Imagine needing a life-saving drug, but it costs $1,000 a month. Now imagine a generic version available for $10. That's the reality for millions, and it all comes down to international patent rules like the TRIPS Agreement.
What is the TRIPS Agreement?
TRIPS Agreement is a worldwide legal framework that sets minimum standards for intellectual property protection across countries. It was created in 1994 as part of the Uruguay Round negotiations and took effect in 1995. Administered by the World Trade Organization (WTO), which has 164 member countries, it covers patents, copyrights, trademarks, and other IP rights. For medicines, TRIPS requires 20 years of patent protection from filing date.
This agreement transformed global healthcare. Before TRIPS, countries like India didn't grant product patents for drugs. They made generic versions of HIV medications for $1 a day. After TRIPS, those same drugs cost $1,000 a month in many places. Patent rules became the main barrier between patients and life-saving treatments.
How TRIPS blocks affordable medicines
TRIPS forces countries to protect pharmaceutical patents for 20 years. During that time, companies charge high prices without competition. This hits hardest in low- and middle-income countries (LMICs). The World Health Organization (WHO) reports 2 billion people lack regular access to essential medicines, with patent barriers causing 80% of this gap in LMICs.
For example, a patented cancer drug might cost $100,000 a year in the U.S. but $500,000 in Africa due to import restrictions. Generic versions could cut that to $500, but TRIPS makes producing them illegal without special permission. This isn't just about money-it's about lives. In 2022, the global pharmaceutical market reached $1.42 trillion, yet 89% of U.S. prescriptions use generics while only 28% of LMICs do.
Key flexibilities: Compulsory licensing and the Doha Declaration
TRIPS includes "flexibilities" meant to help during health crises. The biggest tool is compulsory licensing. This lets governments authorize generic production without the patent holder's permission during emergencies. The Doha Declaration (2001) confirmed countries can use this for public health needs.
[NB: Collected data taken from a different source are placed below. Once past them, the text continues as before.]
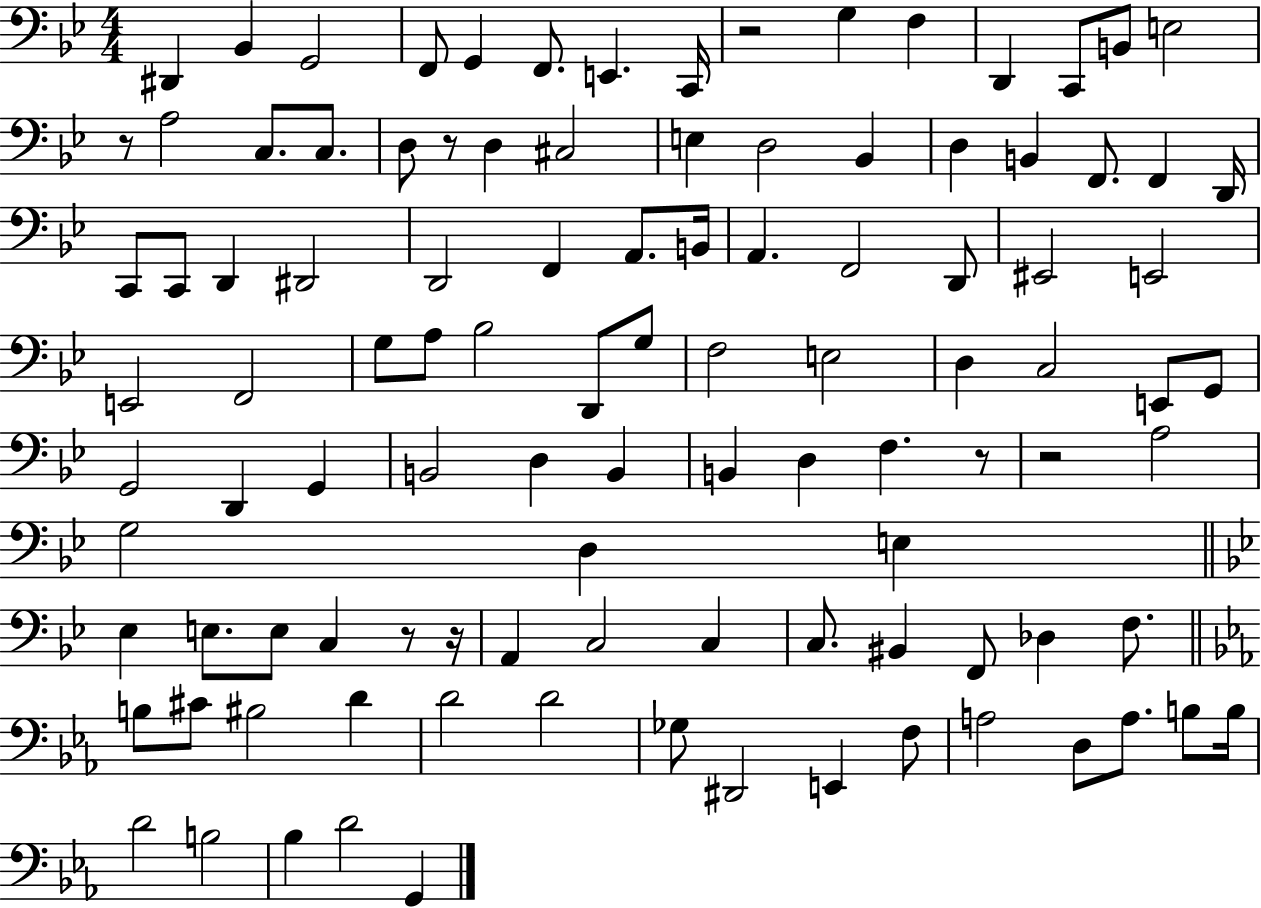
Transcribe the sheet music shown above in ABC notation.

X:1
T:Untitled
M:4/4
L:1/4
K:Bb
^D,, _B,, G,,2 F,,/2 G,, F,,/2 E,, C,,/4 z2 G, F, D,, C,,/2 B,,/2 E,2 z/2 A,2 C,/2 C,/2 D,/2 z/2 D, ^C,2 E, D,2 _B,, D, B,, F,,/2 F,, D,,/4 C,,/2 C,,/2 D,, ^D,,2 D,,2 F,, A,,/2 B,,/4 A,, F,,2 D,,/2 ^E,,2 E,,2 E,,2 F,,2 G,/2 A,/2 _B,2 D,,/2 G,/2 F,2 E,2 D, C,2 E,,/2 G,,/2 G,,2 D,, G,, B,,2 D, B,, B,, D, F, z/2 z2 A,2 G,2 D, E, _E, E,/2 E,/2 C, z/2 z/4 A,, C,2 C, C,/2 ^B,, F,,/2 _D, F,/2 B,/2 ^C/2 ^B,2 D D2 D2 _G,/2 ^D,,2 E,, F,/2 A,2 D,/2 A,/2 B,/2 B,/4 D2 B,2 _B, D2 G,,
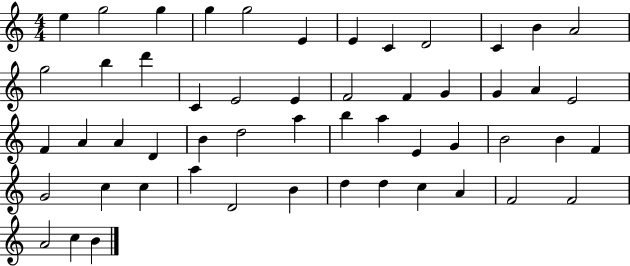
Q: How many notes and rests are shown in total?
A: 53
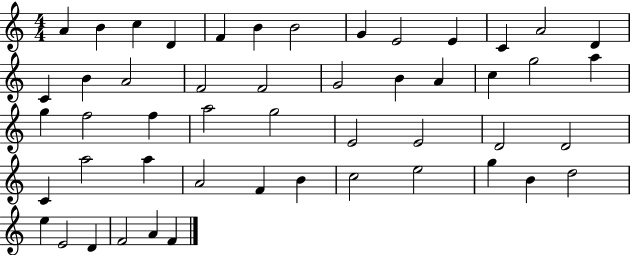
{
  \clef treble
  \numericTimeSignature
  \time 4/4
  \key c \major
  a'4 b'4 c''4 d'4 | f'4 b'4 b'2 | g'4 e'2 e'4 | c'4 a'2 d'4 | \break c'4 b'4 a'2 | f'2 f'2 | g'2 b'4 a'4 | c''4 g''2 a''4 | \break g''4 f''2 f''4 | a''2 g''2 | e'2 e'2 | d'2 d'2 | \break c'4 a''2 a''4 | a'2 f'4 b'4 | c''2 e''2 | g''4 b'4 d''2 | \break e''4 e'2 d'4 | f'2 a'4 f'4 | \bar "|."
}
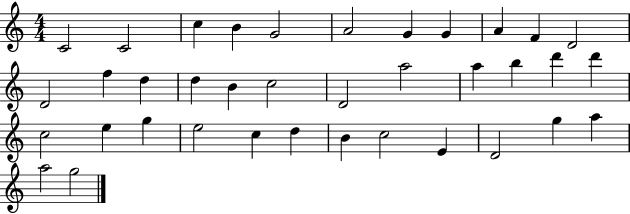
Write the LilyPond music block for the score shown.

{
  \clef treble
  \numericTimeSignature
  \time 4/4
  \key c \major
  c'2 c'2 | c''4 b'4 g'2 | a'2 g'4 g'4 | a'4 f'4 d'2 | \break d'2 f''4 d''4 | d''4 b'4 c''2 | d'2 a''2 | a''4 b''4 d'''4 d'''4 | \break c''2 e''4 g''4 | e''2 c''4 d''4 | b'4 c''2 e'4 | d'2 g''4 a''4 | \break a''2 g''2 | \bar "|."
}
But there's a catch. The original TRIPS rule (Article 31f) says compulsory licenses must be "predominantly for the domestic market." This blocked countries without drug factories from importing generics. The Article 31bis system (2005 amendment) tried to fix this by allowing cross-border trade of licensed generics. However, the process is so complex it's been used only once: Rwanda imported HIV medication from Canada in 2012 after four years of paperwork.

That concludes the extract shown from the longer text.